Congress Shreds Constitutional Privacy, But It's Not Over Yet

Today the U.S. Senate voted to approve legislation that essentially legalizes the warrantless surveillance of the communications of U.S. citizens. We know such behavior’s been going on for more than two years, when a whistleblower stepped forward to disclose that AT&T had been working closely with the National Security Agency (NSA) – so much so that the NSA now has its own special rooms in AT&T communications backbone facilities. In these rooms are giant, electronic taps that essentially monitor, record, and allow for the analysis of every phone call, facsimile transmission, and all other electronic communications passing through AT&T’s network.
As the largest telecommunications provider in the United States, it is virtually impossible for any communications network traffic to travel from point A to point B without transiting some node in AT&T’s vast infrastructure. Which in effect means that for as long as this program has been going on, we’ve all been under Big Brother’s scrutiny to some degree.
After the stunning scope of the surveillance program came to light, civil-liberties advocates started digging deeper, and found that AT&T wasn’t the only telecom company that was “assisting” the U.S. government in its “war on terror” by snooping on innocent Americans. This set off a flurry of litigation urging the courts to force AT&T and its corporate colleagues to disclose just how far beyond the Constitution they went in their support of the U.S. Justice Department’s requests for information – and, by extension, just how far the Executive Branch of the government overstepped its own Constitutionally-defined authority.
“No fear,” thought the telecoms, “we’ll just go to our friends in Congress, who have such a stellar record at protecting civil liberties, and they’ll give us a ‘get out of jail free’ card.”
And that is essentially what the Senate did today. It not only legitimized the continuous, warrantless surveillance program currently in place, but expands some parts of it (which parts, we don’t exactly know), and retroactively immunizes telecommunications companies from punishment over laws (privacy and otherwise) they’ve broken (and continue to break) at federal behest. This even though more than two-thirds of the Senate still doesn’t know the true extent of the NSA/DOJ surveillance program, because the NSA/DOJ won’t tell them.
The next likely occupants of the White House, who are both Senators, split on the issue – though not like you’d think.

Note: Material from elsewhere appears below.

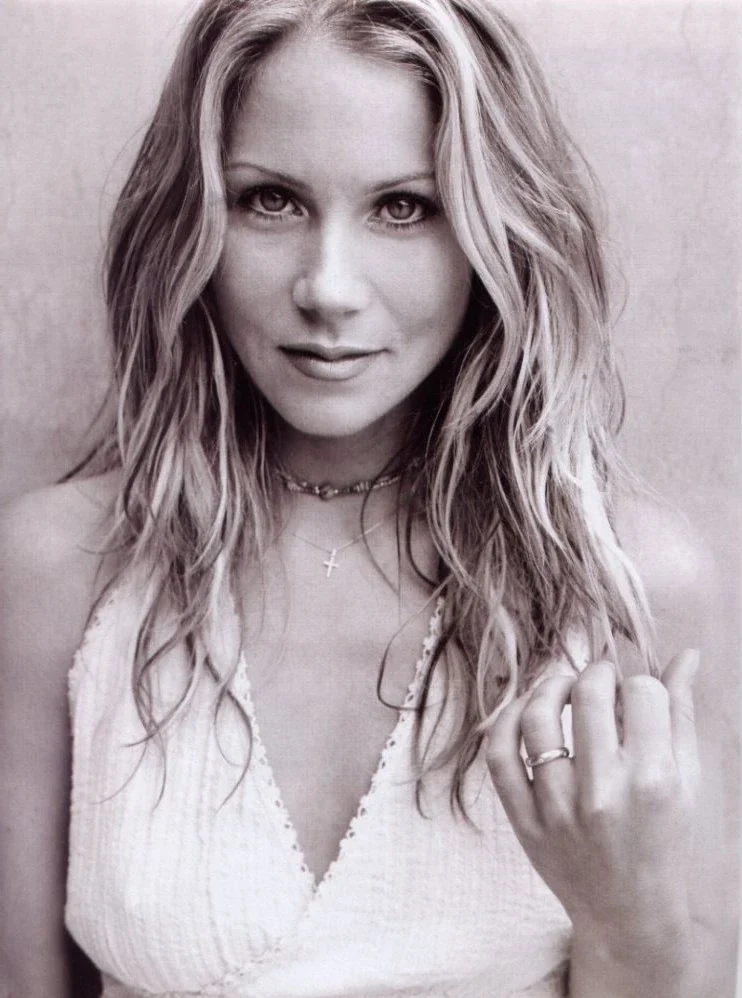 Christina Applegate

John McCain (R-AZ) abstained from voting on the bill, while Barack Obama (D-IL) voted for it. The White House is thrilled; president Bush plans to sign the bill into law with no delay.
The full implications of this decision remain to be seen. It could have disastrous consequences for the ideal of “network neutrality,” or the notion that all communications traffic routed over the Internet should be treated equally and not discriminated against based on content, sender, or receiver. Telecom companies have already done much to make the Internet a more closed, proprietary space; now, Congress may have inadvertently given them the legal legs on which to continue to engage in – and intensify – so-called “network management” practices.
After all, what better reason for “network management” is there than surveillance? And hey, if the government says it’s okay, then who the f*ck cares whether or not we throttle, shape, or otherwise block other traffic, like file-sharing programs or voice-over-IP telephony? “Network management” might have just become synonymous with “national security,” and if that is the case, all bets are off. What good is an “Internet Freedom Preservation Act” if one of the fundamental freedoms of Internet communication has just been squelched?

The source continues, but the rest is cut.